Derartige Trägerschaften erlauben die direkte Artikulation gesellschaftlicher Interessen ohne jeden Umweg und ohne jede Verwässerung und oft im Widerspruch zu den staatlich-politischen. Das Joanneum ist bis 1848 mit seinem Leseverein ein Medium - argwöhnisch von der Zensur beobachtete - subversiver Öffentlichkeit. Indem die im ständisch besetzten Tärgergremium aktiven Bürger nicht bloß ihre individuellen Bedürfnisse verfolgen, sondern allgemeine Interessen, agieren sie politisch. Denn in ihrer Verantwortung für das gesellschaftliche Gemeinwohl arbeiten sie nicht nur den Interessen des Demos, das heißt des Staatsvolkes zu, sie sind es selbst gerade durch ihr Engagement im und für das Museum, insofern sie allgemein Interessen öffentlich artikulieren. Ja mehr noch, sie werden dadurch selbst zum Demos, agieren nicht als Bourgeois sondern als Citoyen.

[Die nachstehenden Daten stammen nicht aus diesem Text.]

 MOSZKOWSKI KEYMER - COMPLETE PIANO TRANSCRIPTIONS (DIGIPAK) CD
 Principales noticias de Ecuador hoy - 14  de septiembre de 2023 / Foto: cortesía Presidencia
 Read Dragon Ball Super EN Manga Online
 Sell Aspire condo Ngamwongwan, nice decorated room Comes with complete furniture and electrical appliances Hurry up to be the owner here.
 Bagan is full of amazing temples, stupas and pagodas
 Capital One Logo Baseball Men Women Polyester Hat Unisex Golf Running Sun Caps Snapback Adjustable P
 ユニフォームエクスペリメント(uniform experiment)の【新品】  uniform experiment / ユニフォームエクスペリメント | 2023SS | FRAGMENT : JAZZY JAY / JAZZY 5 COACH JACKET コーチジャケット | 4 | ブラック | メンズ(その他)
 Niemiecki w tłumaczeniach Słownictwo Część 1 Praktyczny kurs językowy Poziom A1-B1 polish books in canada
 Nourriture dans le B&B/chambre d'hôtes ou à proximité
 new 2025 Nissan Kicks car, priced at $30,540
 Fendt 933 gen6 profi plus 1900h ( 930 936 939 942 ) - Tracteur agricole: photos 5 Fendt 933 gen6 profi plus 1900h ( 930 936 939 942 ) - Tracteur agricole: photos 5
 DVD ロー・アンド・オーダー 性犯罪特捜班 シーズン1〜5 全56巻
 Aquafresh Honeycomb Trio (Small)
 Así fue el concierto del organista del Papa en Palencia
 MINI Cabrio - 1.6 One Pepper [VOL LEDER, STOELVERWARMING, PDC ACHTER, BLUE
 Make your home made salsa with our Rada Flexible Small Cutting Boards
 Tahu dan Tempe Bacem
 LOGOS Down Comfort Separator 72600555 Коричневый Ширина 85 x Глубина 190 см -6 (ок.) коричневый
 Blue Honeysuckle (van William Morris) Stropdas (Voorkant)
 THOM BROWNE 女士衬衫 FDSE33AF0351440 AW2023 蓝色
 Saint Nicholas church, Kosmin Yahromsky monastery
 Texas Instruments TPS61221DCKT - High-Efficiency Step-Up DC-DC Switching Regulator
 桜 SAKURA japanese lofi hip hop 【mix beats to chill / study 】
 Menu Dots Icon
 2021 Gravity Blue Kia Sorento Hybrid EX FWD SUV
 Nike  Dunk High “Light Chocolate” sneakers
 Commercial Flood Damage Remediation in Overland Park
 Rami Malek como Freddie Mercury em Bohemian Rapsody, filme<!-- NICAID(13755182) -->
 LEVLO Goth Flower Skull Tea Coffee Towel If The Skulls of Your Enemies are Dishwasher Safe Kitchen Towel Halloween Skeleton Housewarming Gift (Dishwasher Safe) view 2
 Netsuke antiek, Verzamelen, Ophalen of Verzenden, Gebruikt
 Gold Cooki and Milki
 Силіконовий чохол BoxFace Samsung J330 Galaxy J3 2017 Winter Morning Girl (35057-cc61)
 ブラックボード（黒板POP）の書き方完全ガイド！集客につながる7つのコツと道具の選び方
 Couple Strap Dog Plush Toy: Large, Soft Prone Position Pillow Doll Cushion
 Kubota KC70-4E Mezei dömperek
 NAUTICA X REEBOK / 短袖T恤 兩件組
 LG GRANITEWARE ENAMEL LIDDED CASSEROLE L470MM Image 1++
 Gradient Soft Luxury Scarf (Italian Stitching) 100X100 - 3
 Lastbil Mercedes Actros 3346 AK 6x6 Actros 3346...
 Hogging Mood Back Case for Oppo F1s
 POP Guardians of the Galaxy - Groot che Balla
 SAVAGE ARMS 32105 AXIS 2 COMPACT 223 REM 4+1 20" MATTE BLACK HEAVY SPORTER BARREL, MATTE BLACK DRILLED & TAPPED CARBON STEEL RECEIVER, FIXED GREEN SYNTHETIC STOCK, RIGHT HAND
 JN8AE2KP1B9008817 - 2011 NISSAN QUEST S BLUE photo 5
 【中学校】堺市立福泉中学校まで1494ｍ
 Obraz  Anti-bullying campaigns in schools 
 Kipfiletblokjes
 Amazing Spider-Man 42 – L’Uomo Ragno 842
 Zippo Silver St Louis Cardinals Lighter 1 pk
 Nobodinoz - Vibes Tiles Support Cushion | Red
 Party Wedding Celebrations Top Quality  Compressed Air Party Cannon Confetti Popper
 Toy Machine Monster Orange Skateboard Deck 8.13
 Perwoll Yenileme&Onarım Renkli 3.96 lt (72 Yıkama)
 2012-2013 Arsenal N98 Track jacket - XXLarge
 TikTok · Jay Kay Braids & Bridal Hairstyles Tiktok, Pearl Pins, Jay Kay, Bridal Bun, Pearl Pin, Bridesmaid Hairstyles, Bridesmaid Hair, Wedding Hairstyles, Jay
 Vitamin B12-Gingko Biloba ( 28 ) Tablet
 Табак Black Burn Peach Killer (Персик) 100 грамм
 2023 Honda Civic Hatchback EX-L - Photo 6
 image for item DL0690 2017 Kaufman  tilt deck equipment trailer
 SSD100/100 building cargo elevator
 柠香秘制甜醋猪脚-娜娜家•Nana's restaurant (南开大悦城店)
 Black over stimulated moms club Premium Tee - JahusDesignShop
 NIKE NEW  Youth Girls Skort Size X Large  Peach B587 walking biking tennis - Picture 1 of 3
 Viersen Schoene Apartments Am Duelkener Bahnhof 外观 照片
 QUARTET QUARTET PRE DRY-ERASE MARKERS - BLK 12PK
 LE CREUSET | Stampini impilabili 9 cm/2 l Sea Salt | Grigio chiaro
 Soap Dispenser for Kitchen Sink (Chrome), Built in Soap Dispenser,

Politik und Demokratie sind keine dem Museum äußerliche Eigenschaften, sie sind der Kern der aufklärerischen, bürgerlichen und europäischen Museumsidee. Sicher, man kann dem Museum diese Eigenschaften nehmen, sie schwächen oder zerstören. Und das ist, so denke ich, genau dann der Fall, wenn das Politische des Museums durch staatliche oder Parteipolitik angegriffen und ersetzt wird.


Berufungsverfahren laufen oft so, wie das eben beim Universalmuseum Joanneum geschehen ist, nicht nur bei Museen, nicht nur bei Kulturinstitutionen. Aber speziell beim Grazer Joanneum bricht das Verfahren einer parteipolitischen Besetzung mit einer sehr langen Tradition demokratischer Kultur und schädigt das Museum, gerade dieses, bis ins Mark. Die einst ständisch-bürgerliche (Selbst)Verwaltung des Museums ist in einem langen Prozess bis heute auf ein Kuratorium ohne wirkliche Agenda zusammengeschrumpft und den diversen, Abteilungen zugeordneten Museumsvereinen hat der Steirische Rechnungshof erst jüngst relative Sinnlosigkeit attestiert. 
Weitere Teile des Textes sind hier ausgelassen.